**Given data**
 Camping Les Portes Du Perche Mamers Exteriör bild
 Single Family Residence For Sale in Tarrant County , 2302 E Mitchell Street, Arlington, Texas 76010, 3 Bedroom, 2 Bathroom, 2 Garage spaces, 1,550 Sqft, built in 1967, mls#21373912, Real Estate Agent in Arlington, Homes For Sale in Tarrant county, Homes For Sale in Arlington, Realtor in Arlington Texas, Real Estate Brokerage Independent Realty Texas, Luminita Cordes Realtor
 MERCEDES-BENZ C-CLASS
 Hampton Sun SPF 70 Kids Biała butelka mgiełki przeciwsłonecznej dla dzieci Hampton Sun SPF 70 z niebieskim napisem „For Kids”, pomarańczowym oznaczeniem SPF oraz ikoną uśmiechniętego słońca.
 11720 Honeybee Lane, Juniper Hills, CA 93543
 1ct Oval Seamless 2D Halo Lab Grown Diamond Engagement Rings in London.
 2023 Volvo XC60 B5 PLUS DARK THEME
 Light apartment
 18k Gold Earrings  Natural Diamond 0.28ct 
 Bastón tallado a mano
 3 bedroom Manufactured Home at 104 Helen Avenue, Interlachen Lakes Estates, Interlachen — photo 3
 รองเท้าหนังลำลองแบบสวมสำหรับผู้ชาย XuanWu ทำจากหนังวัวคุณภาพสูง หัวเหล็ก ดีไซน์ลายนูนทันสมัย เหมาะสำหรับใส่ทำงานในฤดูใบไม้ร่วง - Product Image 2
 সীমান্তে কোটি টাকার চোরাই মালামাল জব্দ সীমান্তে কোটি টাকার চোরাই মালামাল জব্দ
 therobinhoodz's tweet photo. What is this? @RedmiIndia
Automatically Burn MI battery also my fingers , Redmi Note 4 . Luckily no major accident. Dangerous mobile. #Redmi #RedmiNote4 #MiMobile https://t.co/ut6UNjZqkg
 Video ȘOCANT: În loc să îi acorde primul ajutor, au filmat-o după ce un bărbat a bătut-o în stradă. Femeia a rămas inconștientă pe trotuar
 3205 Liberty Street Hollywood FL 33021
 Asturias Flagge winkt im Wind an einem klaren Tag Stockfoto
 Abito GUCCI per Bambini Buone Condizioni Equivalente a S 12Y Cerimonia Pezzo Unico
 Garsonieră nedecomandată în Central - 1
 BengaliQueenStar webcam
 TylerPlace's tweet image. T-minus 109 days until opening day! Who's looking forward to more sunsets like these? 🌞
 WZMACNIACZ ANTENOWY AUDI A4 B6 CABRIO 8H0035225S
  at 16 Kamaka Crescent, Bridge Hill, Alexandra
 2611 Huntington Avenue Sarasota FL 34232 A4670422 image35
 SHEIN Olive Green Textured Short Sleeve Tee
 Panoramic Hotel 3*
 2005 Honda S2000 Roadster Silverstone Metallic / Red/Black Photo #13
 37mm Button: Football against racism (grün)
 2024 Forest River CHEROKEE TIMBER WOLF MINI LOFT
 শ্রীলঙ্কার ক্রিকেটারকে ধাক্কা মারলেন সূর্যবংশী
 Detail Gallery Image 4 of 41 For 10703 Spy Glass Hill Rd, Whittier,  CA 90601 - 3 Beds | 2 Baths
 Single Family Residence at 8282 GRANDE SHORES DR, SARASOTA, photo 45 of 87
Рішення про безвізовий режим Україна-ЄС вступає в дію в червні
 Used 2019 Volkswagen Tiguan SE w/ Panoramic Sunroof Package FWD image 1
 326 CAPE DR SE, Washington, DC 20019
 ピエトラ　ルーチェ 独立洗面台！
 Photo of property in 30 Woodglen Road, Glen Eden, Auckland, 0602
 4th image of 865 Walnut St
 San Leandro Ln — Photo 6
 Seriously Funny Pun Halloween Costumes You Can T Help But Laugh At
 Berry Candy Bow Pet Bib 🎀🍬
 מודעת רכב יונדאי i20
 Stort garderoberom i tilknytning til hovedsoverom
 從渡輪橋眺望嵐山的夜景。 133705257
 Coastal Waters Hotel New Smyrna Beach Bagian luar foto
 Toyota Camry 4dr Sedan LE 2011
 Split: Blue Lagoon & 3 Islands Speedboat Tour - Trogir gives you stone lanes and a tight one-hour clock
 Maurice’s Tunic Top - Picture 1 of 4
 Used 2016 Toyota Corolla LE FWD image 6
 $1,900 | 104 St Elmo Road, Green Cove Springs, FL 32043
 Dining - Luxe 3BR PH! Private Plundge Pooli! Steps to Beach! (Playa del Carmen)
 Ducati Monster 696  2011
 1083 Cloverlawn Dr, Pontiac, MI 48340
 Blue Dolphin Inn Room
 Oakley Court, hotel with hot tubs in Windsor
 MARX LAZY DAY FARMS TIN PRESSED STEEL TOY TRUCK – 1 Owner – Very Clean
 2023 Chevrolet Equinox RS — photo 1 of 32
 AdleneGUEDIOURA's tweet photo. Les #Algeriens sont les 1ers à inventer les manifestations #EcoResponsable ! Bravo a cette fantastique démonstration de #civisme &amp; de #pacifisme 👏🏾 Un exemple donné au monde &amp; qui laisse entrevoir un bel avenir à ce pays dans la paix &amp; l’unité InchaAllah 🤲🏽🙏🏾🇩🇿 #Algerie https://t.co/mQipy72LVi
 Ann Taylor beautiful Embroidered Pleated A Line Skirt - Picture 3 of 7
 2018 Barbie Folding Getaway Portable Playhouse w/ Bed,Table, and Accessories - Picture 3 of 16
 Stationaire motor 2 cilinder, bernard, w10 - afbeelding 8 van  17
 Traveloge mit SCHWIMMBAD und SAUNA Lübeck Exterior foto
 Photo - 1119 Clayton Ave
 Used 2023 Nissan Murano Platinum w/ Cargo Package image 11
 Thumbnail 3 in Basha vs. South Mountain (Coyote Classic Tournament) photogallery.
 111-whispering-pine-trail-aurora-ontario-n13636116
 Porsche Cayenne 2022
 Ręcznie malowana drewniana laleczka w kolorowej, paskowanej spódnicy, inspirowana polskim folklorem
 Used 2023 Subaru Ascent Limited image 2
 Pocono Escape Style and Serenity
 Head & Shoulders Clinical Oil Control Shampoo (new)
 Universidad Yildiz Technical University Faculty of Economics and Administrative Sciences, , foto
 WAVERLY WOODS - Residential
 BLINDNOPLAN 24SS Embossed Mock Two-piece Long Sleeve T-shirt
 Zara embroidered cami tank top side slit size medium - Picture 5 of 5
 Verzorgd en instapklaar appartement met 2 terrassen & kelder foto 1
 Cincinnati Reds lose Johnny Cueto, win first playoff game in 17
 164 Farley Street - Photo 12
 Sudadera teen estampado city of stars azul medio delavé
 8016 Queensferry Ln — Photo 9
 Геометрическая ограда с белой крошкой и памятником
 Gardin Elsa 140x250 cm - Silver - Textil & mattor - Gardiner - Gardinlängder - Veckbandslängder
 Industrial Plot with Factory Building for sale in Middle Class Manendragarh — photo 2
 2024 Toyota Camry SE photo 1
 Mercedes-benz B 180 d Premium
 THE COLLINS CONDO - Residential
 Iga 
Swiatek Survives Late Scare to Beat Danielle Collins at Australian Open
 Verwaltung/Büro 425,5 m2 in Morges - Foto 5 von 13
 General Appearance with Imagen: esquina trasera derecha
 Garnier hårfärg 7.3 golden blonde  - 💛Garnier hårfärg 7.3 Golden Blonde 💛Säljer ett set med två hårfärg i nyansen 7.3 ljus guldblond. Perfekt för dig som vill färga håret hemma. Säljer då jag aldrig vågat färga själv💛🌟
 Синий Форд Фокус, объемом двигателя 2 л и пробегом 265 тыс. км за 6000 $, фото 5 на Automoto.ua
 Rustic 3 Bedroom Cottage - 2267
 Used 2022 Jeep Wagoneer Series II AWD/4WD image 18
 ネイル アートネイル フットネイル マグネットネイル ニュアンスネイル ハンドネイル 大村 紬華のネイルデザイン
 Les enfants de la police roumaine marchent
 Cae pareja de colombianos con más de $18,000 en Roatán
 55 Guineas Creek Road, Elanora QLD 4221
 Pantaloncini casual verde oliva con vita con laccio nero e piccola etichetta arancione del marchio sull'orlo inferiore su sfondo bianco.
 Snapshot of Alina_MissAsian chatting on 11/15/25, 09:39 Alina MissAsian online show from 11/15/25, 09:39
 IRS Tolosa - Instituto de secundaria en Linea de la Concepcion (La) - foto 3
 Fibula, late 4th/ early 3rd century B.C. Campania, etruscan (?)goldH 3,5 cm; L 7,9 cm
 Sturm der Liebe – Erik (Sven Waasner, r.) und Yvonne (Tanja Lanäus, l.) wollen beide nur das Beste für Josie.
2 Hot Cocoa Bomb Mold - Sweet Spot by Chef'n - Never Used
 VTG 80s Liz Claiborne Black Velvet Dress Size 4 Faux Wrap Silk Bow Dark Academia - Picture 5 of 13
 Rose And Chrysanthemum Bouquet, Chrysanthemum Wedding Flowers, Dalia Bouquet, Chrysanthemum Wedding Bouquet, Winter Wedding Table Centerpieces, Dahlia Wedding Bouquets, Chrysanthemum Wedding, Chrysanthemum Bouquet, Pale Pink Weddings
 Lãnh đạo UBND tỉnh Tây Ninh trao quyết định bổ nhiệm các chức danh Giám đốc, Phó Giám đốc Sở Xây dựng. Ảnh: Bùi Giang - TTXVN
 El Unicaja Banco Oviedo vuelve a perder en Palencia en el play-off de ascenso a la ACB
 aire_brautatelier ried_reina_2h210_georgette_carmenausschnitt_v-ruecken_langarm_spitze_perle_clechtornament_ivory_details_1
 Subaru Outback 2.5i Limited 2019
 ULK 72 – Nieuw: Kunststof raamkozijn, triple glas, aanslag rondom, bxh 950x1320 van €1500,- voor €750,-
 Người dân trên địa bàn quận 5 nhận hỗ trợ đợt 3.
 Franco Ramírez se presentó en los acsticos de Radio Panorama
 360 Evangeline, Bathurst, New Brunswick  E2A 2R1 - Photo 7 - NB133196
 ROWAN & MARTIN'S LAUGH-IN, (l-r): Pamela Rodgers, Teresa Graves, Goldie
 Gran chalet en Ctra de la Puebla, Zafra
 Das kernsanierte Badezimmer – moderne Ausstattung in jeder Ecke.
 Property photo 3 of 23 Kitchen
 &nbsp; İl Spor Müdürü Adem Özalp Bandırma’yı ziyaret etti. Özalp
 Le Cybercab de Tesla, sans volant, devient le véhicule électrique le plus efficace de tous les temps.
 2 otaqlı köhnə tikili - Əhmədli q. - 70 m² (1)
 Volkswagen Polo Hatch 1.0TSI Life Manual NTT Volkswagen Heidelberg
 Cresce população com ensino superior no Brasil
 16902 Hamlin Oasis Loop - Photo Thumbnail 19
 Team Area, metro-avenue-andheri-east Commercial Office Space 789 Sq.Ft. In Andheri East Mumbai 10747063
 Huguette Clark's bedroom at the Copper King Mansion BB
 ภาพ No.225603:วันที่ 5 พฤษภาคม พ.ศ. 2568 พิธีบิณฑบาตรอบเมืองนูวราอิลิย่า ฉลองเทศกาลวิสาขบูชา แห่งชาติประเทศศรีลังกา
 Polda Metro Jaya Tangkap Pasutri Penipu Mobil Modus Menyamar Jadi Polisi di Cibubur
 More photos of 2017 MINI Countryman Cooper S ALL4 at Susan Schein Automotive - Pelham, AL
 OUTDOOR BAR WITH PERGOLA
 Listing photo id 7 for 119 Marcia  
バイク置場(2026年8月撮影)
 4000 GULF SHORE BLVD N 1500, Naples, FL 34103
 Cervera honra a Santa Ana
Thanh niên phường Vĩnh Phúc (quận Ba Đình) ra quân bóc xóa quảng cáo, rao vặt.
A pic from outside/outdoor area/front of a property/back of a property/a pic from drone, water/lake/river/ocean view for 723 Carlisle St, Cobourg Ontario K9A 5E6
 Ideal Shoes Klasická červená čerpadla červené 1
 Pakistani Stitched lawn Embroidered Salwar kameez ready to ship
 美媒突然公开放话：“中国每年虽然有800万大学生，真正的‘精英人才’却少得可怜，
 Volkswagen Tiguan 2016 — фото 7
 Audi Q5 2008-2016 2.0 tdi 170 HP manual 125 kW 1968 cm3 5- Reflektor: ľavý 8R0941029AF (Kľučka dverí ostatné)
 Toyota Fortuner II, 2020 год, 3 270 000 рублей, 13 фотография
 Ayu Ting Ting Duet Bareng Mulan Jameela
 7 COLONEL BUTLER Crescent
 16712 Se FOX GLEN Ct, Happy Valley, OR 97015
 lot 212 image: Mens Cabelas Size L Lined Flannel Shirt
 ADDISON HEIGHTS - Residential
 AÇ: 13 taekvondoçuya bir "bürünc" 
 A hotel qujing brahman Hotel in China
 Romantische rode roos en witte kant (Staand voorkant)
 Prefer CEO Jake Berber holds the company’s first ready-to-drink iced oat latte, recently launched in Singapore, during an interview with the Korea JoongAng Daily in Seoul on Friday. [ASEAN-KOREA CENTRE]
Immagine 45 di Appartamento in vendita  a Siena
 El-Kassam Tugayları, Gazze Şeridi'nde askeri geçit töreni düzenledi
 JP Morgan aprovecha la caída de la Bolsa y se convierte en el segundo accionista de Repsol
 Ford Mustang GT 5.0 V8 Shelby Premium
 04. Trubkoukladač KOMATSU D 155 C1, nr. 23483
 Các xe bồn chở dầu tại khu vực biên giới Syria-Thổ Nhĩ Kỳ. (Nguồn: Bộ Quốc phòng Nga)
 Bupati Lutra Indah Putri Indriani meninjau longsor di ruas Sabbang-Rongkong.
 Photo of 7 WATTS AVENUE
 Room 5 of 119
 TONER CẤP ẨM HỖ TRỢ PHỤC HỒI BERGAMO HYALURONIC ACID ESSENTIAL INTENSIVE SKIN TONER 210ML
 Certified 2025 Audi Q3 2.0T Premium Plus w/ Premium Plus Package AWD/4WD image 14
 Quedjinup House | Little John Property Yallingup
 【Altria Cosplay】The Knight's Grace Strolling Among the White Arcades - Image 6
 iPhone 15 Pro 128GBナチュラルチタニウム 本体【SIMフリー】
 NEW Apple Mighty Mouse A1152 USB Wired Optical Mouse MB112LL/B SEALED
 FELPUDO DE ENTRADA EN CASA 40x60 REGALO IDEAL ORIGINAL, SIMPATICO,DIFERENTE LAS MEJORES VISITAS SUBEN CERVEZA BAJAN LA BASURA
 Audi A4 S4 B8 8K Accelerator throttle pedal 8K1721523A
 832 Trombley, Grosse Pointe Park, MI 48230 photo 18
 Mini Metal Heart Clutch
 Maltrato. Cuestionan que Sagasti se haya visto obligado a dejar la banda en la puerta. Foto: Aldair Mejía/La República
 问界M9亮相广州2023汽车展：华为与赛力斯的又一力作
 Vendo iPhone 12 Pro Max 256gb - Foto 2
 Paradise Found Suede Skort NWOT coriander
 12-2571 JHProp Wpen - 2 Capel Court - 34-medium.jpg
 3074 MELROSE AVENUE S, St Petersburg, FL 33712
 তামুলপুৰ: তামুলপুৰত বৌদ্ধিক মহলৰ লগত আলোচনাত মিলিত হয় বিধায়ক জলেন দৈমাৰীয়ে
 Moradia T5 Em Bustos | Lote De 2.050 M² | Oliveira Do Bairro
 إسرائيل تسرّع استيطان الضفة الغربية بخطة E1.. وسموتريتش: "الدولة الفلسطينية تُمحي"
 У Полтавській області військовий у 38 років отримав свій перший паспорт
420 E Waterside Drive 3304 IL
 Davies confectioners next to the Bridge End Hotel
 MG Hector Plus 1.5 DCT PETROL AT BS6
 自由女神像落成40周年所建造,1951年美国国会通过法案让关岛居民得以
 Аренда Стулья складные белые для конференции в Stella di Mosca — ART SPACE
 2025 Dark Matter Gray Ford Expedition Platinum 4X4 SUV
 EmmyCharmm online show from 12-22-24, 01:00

**Task objective**
Using the records above, write out exactly the lines between the one holding "Ayu Ting Ting Duet Bareng Mulan Jameela" and the one holding "问界M9亮相广州2023汽车展：华为与赛力斯的又一力作", inclusive; leave everything else out.

**Exercise output**
 Ayu Ting Ting Duet Bareng Mulan Jameela
 7 COLONEL BUTLER Crescent
 16712 Se FOX GLEN Ct, Happy Valley, OR 97015
 lot 212 image: Mens Cabelas Size L Lined Flannel Shirt
 ADDISON HEIGHTS - Residential
 AÇ: 13 taekvondoçuya bir "bürünc" 
 A hotel qujing brahman Hotel in China
 Romantische rode roos en witte kant (Staand voorkant)
 Prefer CEO Jake Berber holds the company’s first ready-to-drink iced oat latte, recently launched in Singapore, during an interview with the Korea JoongAng Daily in Seoul on Friday. [ASEAN-KOREA CENTRE]
Immagine 45 di Appartamento in vendita  a Siena
 El-Kassam Tugayları, Gazze Şeridi'nde askeri geçit töreni düzenledi
 JP Morgan aprovecha la caída de la Bolsa y se convierte en el segundo accionista de Repsol
 Ford Mustang GT 5.0 V8 Shelby Premium
 04. Trubkoukladač KOMATSU D 155 C1, nr. 23483
 Các xe bồn chở dầu tại khu vực biên giới Syria-Thổ Nhĩ Kỳ. (Nguồn: Bộ Quốc phòng Nga)
 Bupati Lutra Indah Putri Indriani meninjau longsor di ruas Sabbang-Rongkong.
 Photo of 7 WATTS AVENUE
 Room 5 of 119
 TONER CẤP ẨM HỖ TRỢ PHỤC HỒI BERGAMO HYALURONIC ACID ESSENTIAL INTENSIVE SKIN TONER 210ML
 Certified 2025 Audi Q3 2.0T Premium Plus w/ Premium Plus Package AWD/4WD image 14
 Quedjinup House | Little John Property Yallingup
 【Altria Cosplay】The Knight's Grace Strolling Among the White Arcades - Image 6
 iPhone 15 Pro 128GBナチュラルチタニウム 本体【SIMフリー】
 NEW Apple Mighty Mouse A1152 USB Wired Optical Mouse MB112LL/B SEALED
 FELPUDO DE ENTRADA EN CASA 40x60 REGALO IDEAL ORIGINAL, SIMPATICO,DIFERENTE LAS MEJORES VISITAS SUBEN CERVEZA BAJAN LA BASURA
 Audi A4 S4 B8 8K Accelerator throttle pedal 8K1721523A
 832 Trombley, Grosse Pointe Park, MI 48230 photo 18
 Mini Metal Heart Clutch
 Maltrato. Cuestionan que Sagasti se haya visto obligado a dejar la banda en la puerta. Foto: Aldair Mejía/La República
 问界M9亮相广州2023汽车展：华为与赛力斯的又一力作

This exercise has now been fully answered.